Barring injury, the 38-year-old former NBA Most Valuable Player should reach the mark sometime over the next week and join Malone and Bryant as the only players to score 30,000 points with one franchise.
“Dirk Nowitzki is probably one of the most tough-minded NBA players I’ve been around,” Toronto head coach Dwane Casey, who was an assistant coach for the Nowitzki-led Mavericks team that won an NBA title in 2011, told Reuters. “You’re not going to shake him, you’re not going to get into his head, his psyche.”
Nowitzki, who is averaging 13.6 points per game this season, will get his next shot at reaching the milestone later on Friday when Dallas host Memphis in the opener of a five-game homestand.
The German’s rise up the all-time scoring charts was not one that many predicted when he made his NBA debut in 1998 when some said he was too soft, not strong enough, couldn’t rebound and had a style of play not suitable for the NBA, where the world’s best basketball players ply their trade.

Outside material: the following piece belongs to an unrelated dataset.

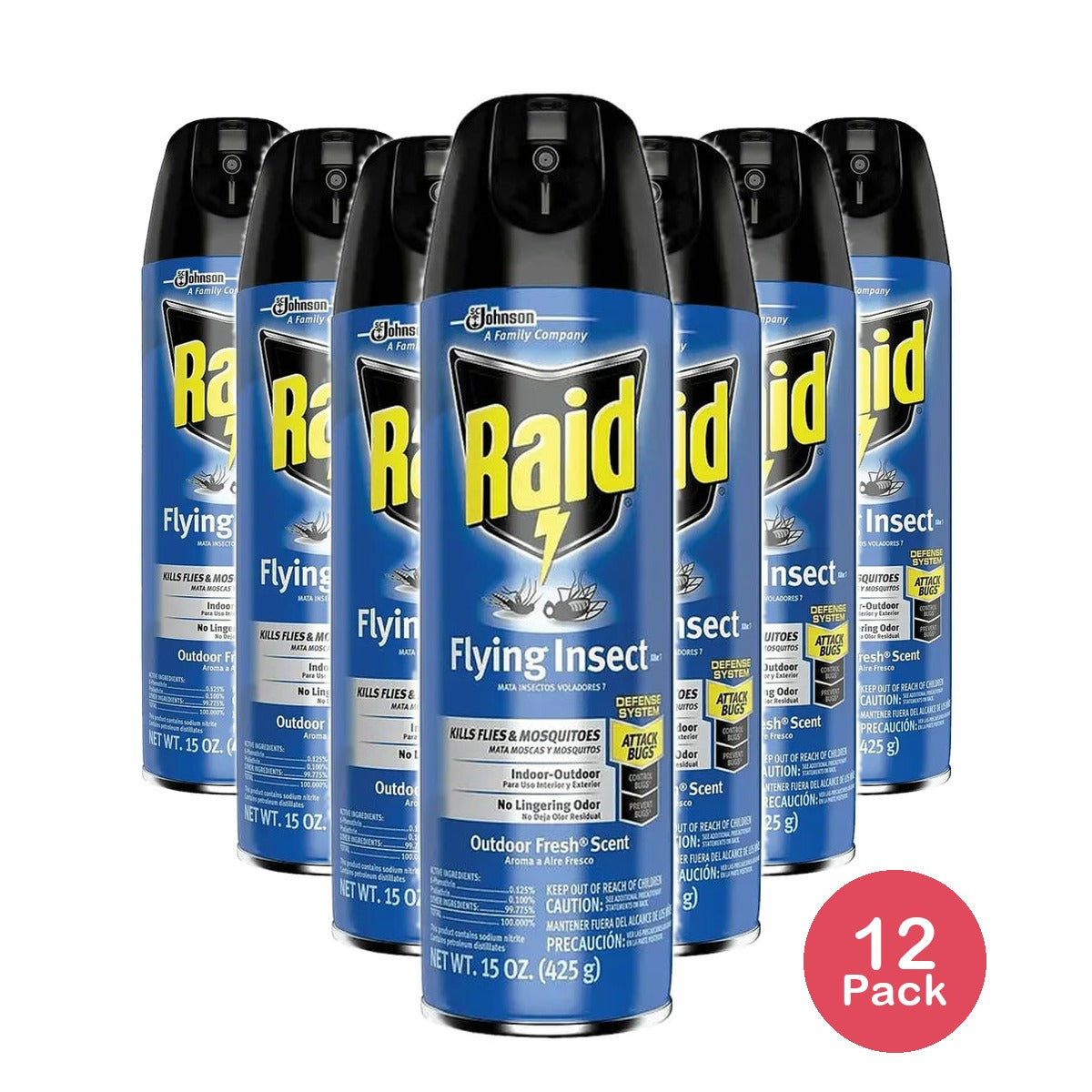 Raid Flying Insect Killer Outdoor Fresh Scent 15Oz (Pack of 12)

Perhaps some of the “soft” criticism directed at the 7-foot (2.1 meters) Nowitzki was because unlike other players his size, he relied more on his shooting ability rather than mixing it up down low to provide an intimidating presence.
Nowitzki’s arsenal and accuracy continued to improve as he blossomed into one of the NBA’s uniquely unstoppable players, a perennial All-Star who defied the parameters of his position.
“He’s one of the players you almost have to tell to get out of the gym. He’d come back in at night time ... and stay until 10 o’clock at night,” said Casey.
“Back in the day he used to have (fitness equipment) in his living room. A lot of people have TVs and pool tables, he had a Precor. ... so he’s one of the most dedicated, hardworking stars I’ve ever been around.”
Nowitzki’s durability and consistency were on full display in the 2011 NBA Finals, a best-of-seven series in which he produced some of the more defining moments of his career against a Miami team featuring LeBron James, Dwyane Wade and Chris Bosh.
With Dallas trailing the series 1-0 and down 15 points late in Game Two it was Nowitzki, playing with a torn tendon in his left middle finger, who rallied his team to victory.
Five days later, with his team needing a win to avoid going down 3-1, a fever-stricken Nowitzki was at it again, this time shrugging off three miserable quarters before a stunning finish.
“He’s one of the best. As far as tight situations, you can’t think of nobody better to get the ball to than Dirk,” said Casey. “His size, his toughness, his strength. You look at him and he looks slender but he probably has one of the strongest cores you can have. You can’t knock him off balance.”